WHAT THIS TASK INVOLVES
Among the lines below, restate word for word only those from the line with "Airplane Afica Continent" through the line with "KOLAYEV Retro Ahşap", with both end lines kept.

EXTRACTED MATERIAL
"""

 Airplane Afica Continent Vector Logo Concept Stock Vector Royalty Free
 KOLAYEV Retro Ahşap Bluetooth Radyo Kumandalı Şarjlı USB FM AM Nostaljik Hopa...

"""
"""

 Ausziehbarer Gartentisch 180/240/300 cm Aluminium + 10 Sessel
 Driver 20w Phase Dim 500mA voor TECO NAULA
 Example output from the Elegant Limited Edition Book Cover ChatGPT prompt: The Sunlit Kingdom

"""
"""

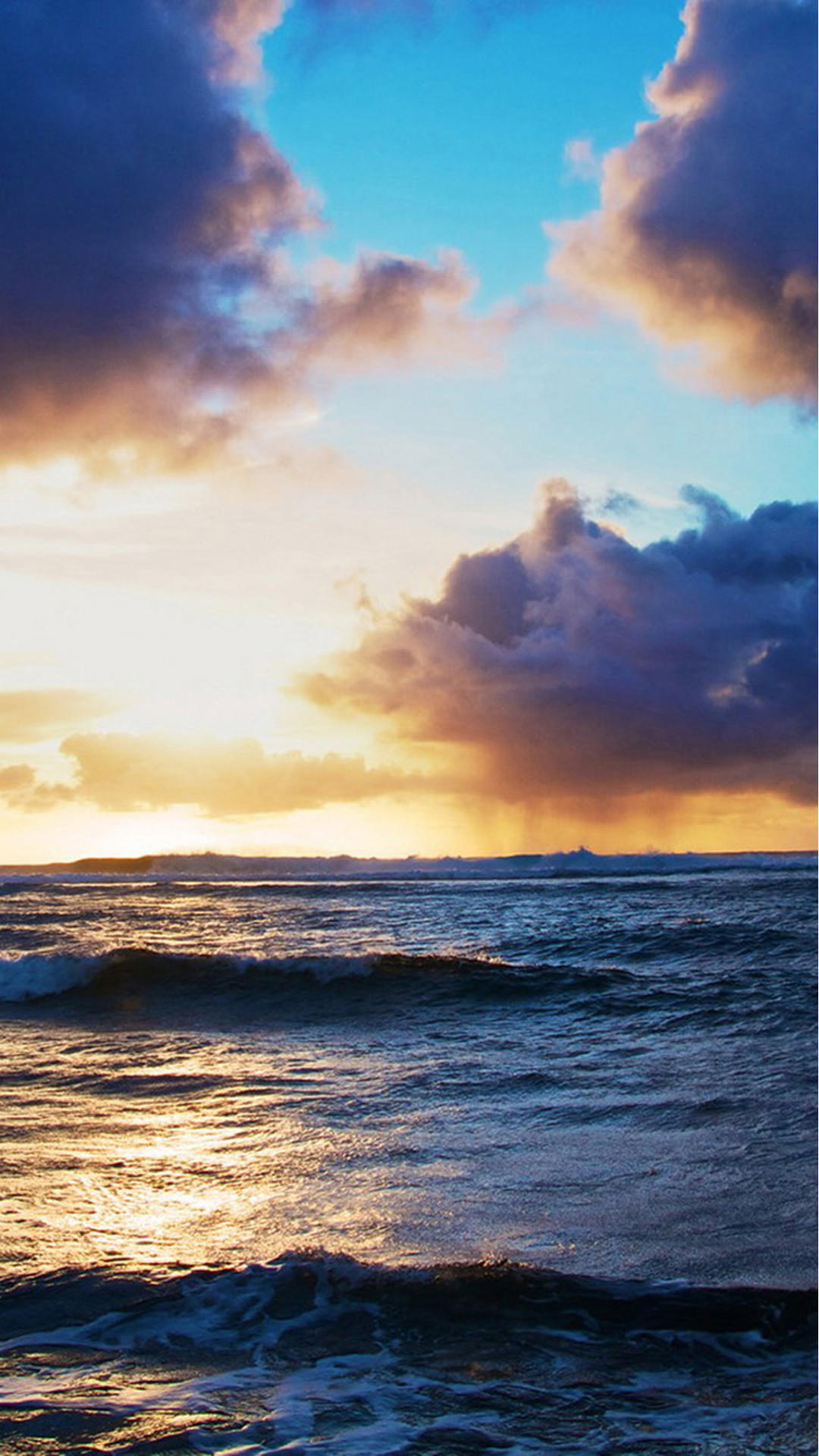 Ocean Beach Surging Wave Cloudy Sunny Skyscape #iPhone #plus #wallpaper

"""

EXERCISE OUTPUT
 Airplane Afica Continent Vector Logo Concept Stock Vector Royalty Free
 KOLAYEV Retro Ahşap Bluetooth Radyo Kumandalı Şarjlı USB FM AM Nostaljik Hopa...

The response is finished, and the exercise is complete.